Now write the controller that handles the form, TddWizard\ExerciseContact\Controller\Form\Save.

  • Start by testing that the response is a redirect back to the form.
  • Then test if a success message "We received your inquiry and will contact you shortly" is saved in the session.
  • Also write tests for invalid input (empty message body, invalid email address) and test for appropiate error messages instead of the success message.
  • Optional: save form data in session if there was an error and remove saved form data on success. Also test that the form is prefilled if there is saved data.

Take a look at the assert... methods from the AbstractController test base class, they will be useful.

Do not actually save anything yet, that's part of the next exercise.

Check out solution-integration-test-2 to see a solution.

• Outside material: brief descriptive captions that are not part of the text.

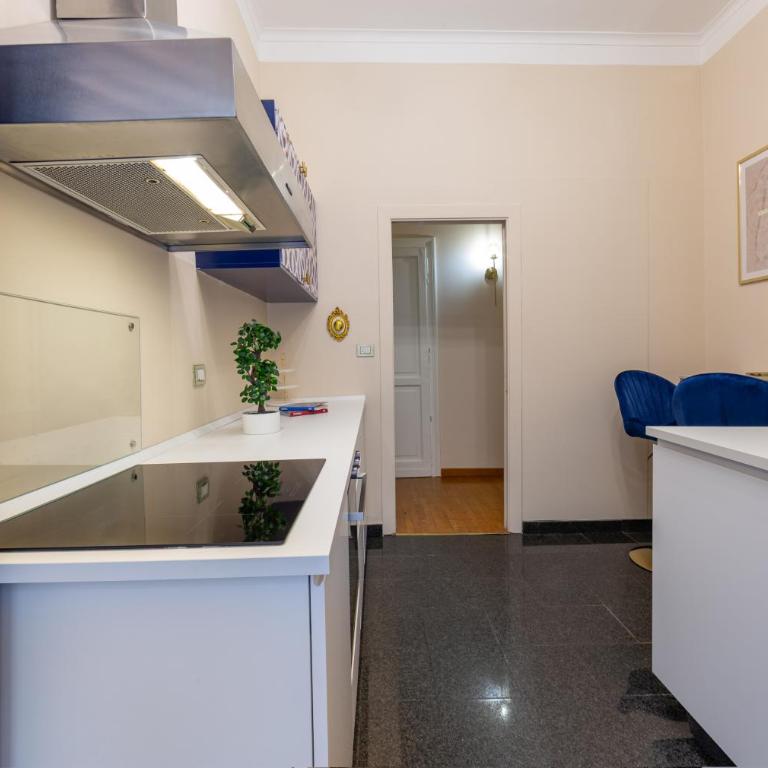 La casa di famiglia - luxury apt in centre with parking by home a porter - Appartamento - 21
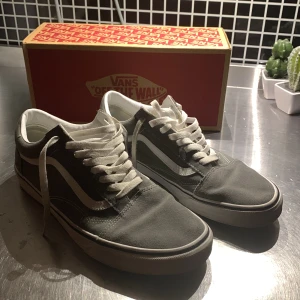 Vans skor - Säljer mina Vans skor, skick 8/10 skriv om du har några frågor 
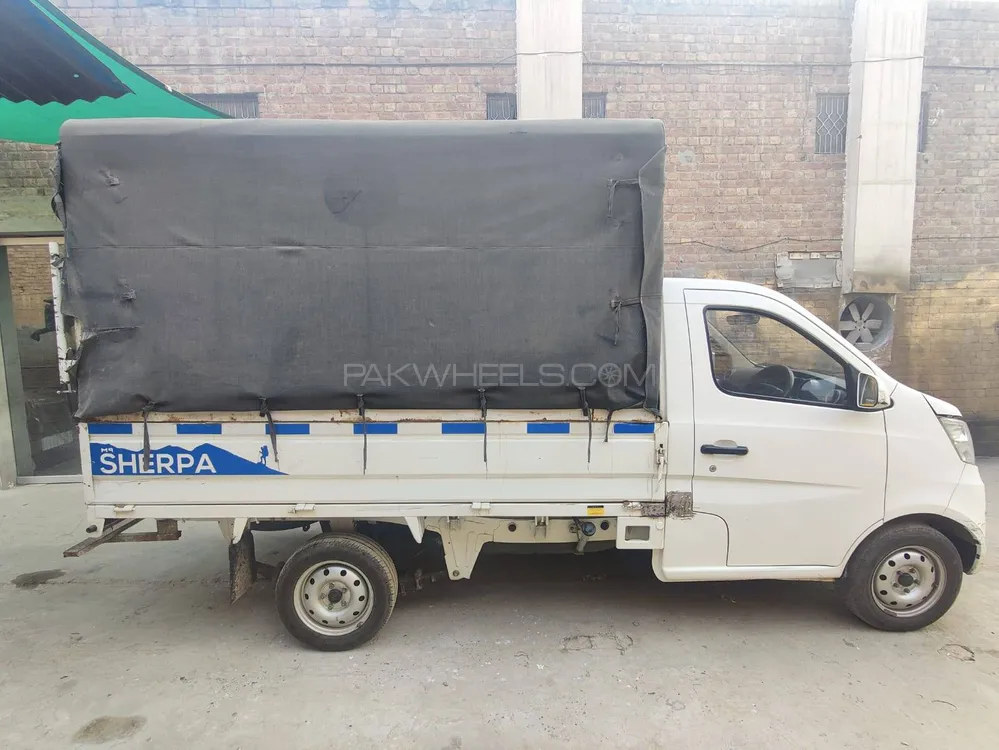 Changan M9 2021 for sale in Lahore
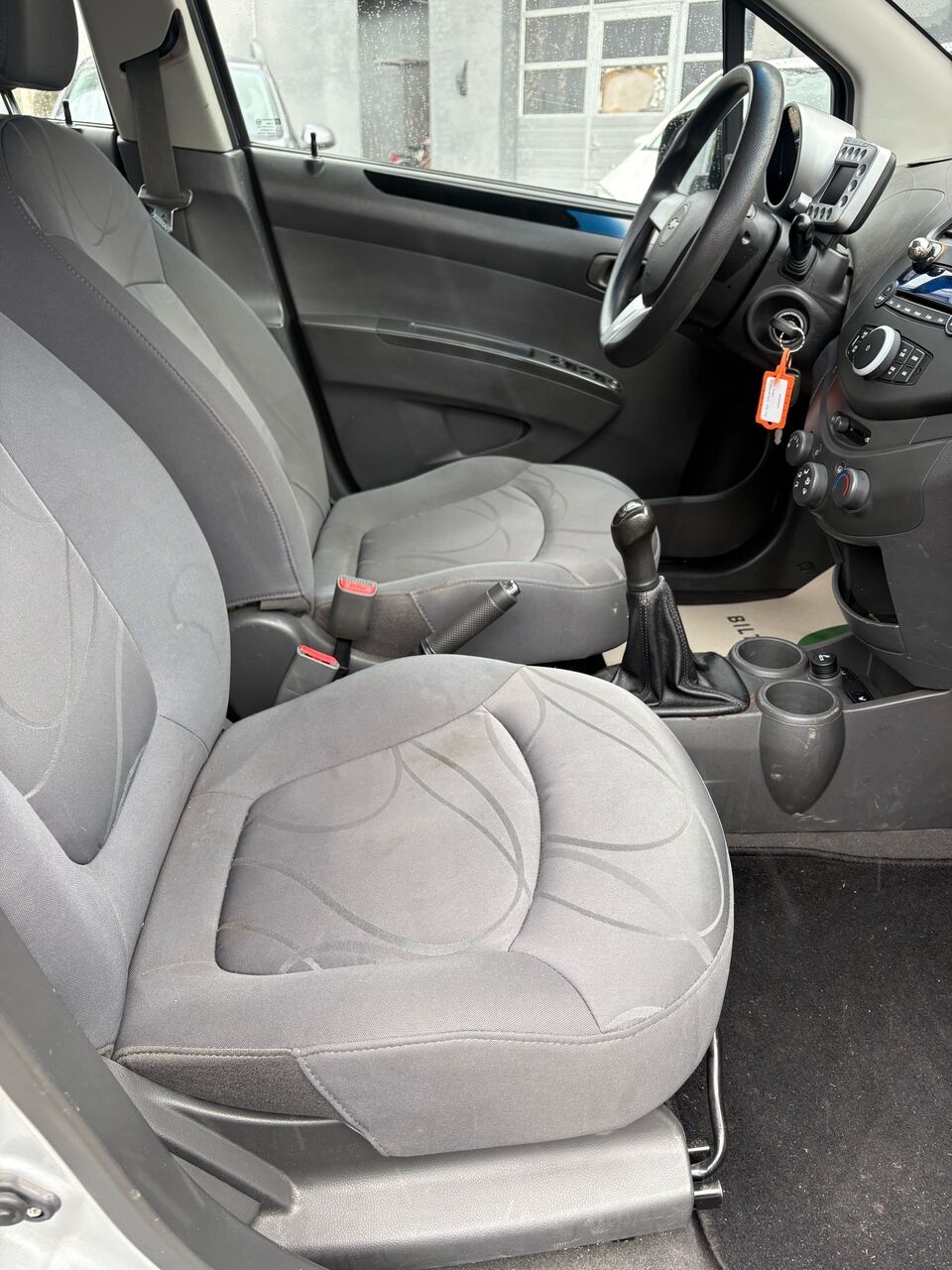 
								Chevrolet Spark 1,0 LS 68HK 5d full									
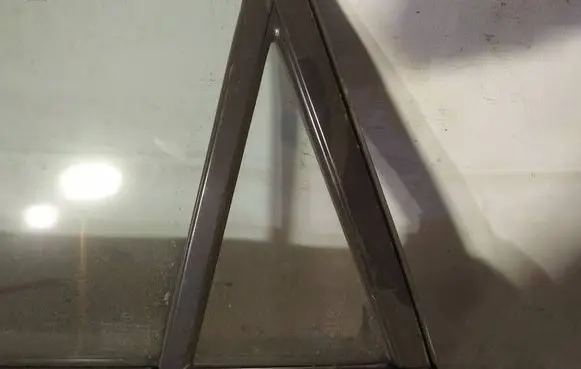 Mazda 3 II Rear vent window glass as2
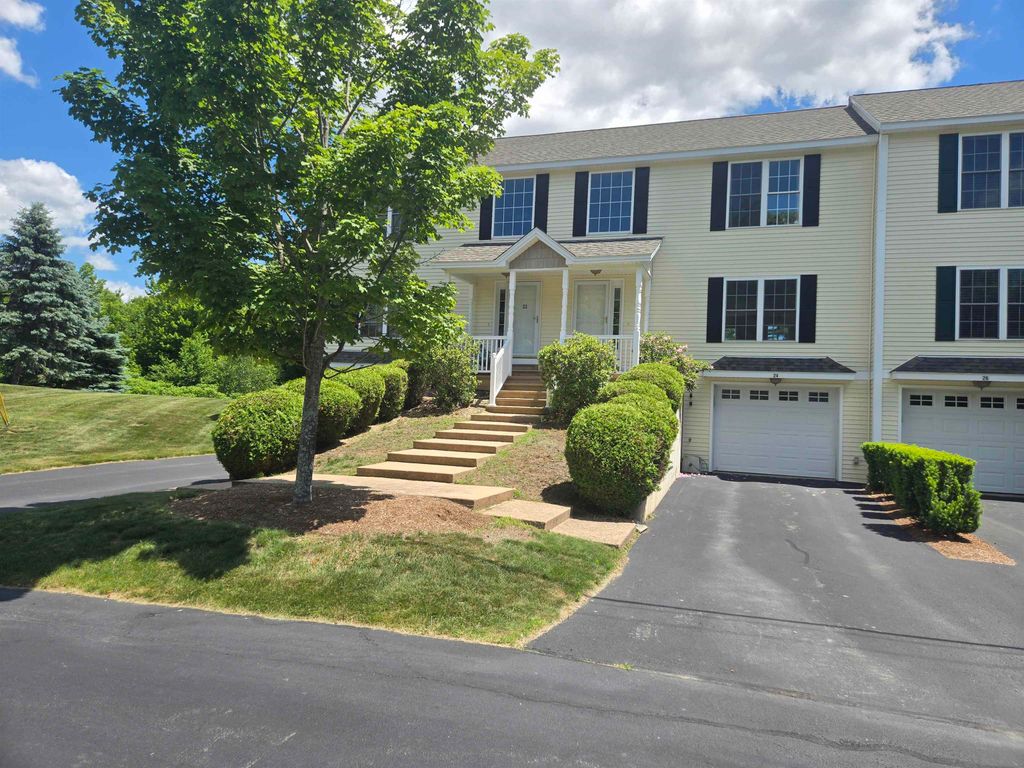28 Owens Dr Unit 24, Swanzey, NH 03446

Excercise 3: Test DB Side Effects

Now it's time to save the posted data. Add assertions to the tests from the previous exercise for:

  • a new inquiry is saved with the posted data
  • nothing is saved if the posted data was invalid

Use the InquiryRepositoryInterface to inspect the database. Try out, how the @magentoDbIsolation enabled annotation affects the test database. Tipp: Truncate inquiry table in setUp method.

Check out solution-integration-test-3 to see a solution.

Excercise 4: Customer Session

For logged in customers, the email address field should not be displayed, and the saved email address should come from the customer account.

Extend your tests for this new case.

Use @magentoDataFixture with one of the fixtures of the core test suite to create a test customer. Use the customer session to set the test customer as logged in.

Check out solution-integration-test-4 to see a solution.

Exercise 5: Admin Controller and ACL

The module already contains generated code for an admin grid. Let's write a simple test case to verify that the grid loads and shows saved inquiries.

Write a new test case that extends Magento\TestFramework\TestCase\AbstractBackendController. This base class takes care of authentication for the admin user.

Use the InquiryRepository to save a new inquiry before dispatching the grid controller.

You will notice that the test case already contains two tests which are marked as incomplete by default:

  • AclHasAccess test is not complete
  • Acl test is not complete

Provide values for the $uri and $resource attributes to automatically test access control.

Check out solution-integration-test-5 to see a solution.